You are required to go for fittings, the classroom now teaming with clothing racks filled with the most remarkable costumes. It is great fun, and you get to know other families getting into the spirit of the cultural event. She seeks out kids with a bit of spunk, and she seeks out kids who may be normally overlooked. I love her for that. It is always blisteringly hot the day of the parade, and as we stand waiting to take our place in the merciless sun, we try our best not to pass out. As soon as we start our march through the crowds, the discomfort is forgotten.
We look out at the crowds, whom have been waiting for hours, seated on folding chairs and are touched. I heard that quite a few in the crowd cant afford the rides of the carnival to follow, and have built traditions within their families of taking them to the parade. That moves me. The theme this year was the melding of cultures. Ours was Japan and Scotland. My little girl was the Queen of the Thistles.

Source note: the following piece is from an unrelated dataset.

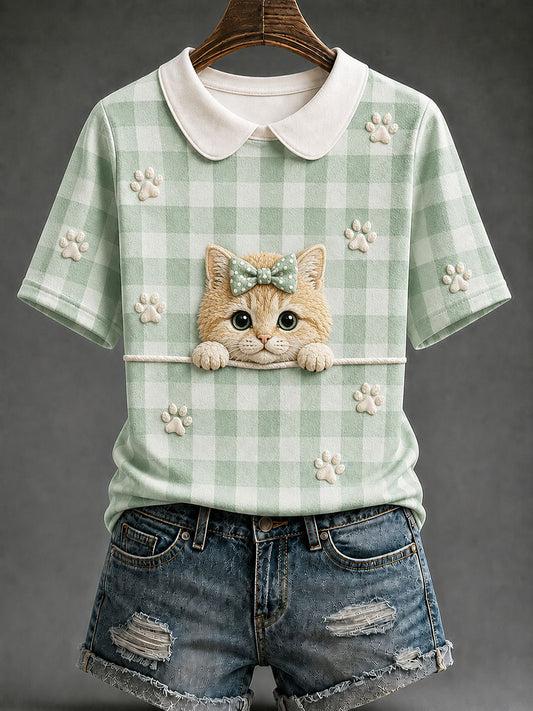 Women's Golden Shaded Cat Plaid Print Casual T-Shirt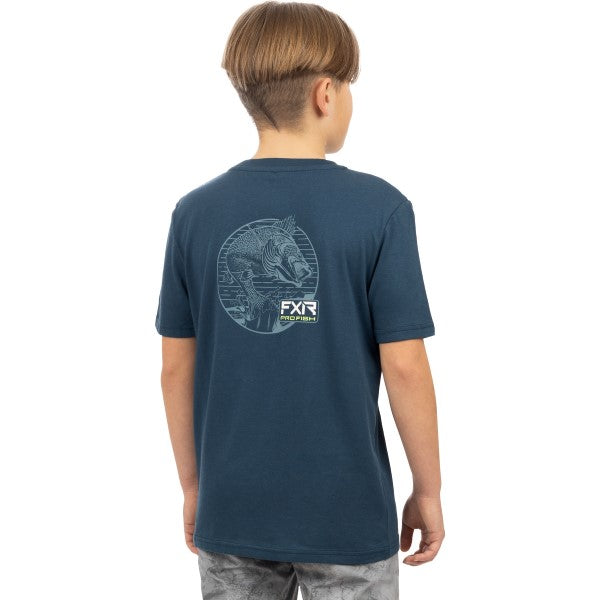 T-Shirt Walleye Premium Junior Bleu Dos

She was so eager to be a part of it again this year, and I love that this event gets everyone so enthused. My friend Karen, looked a vision in her kimono, and as she passed an elderly Japanese lady, she bowed very low as a sign of respect. She was approached later and told how much that had meant. Lucette is throwing a Christmas party for the participants soon, and we look forward to being reunited with everyone. She is a weaver of people, art and pageantry, bringing it all together. What a gift to have!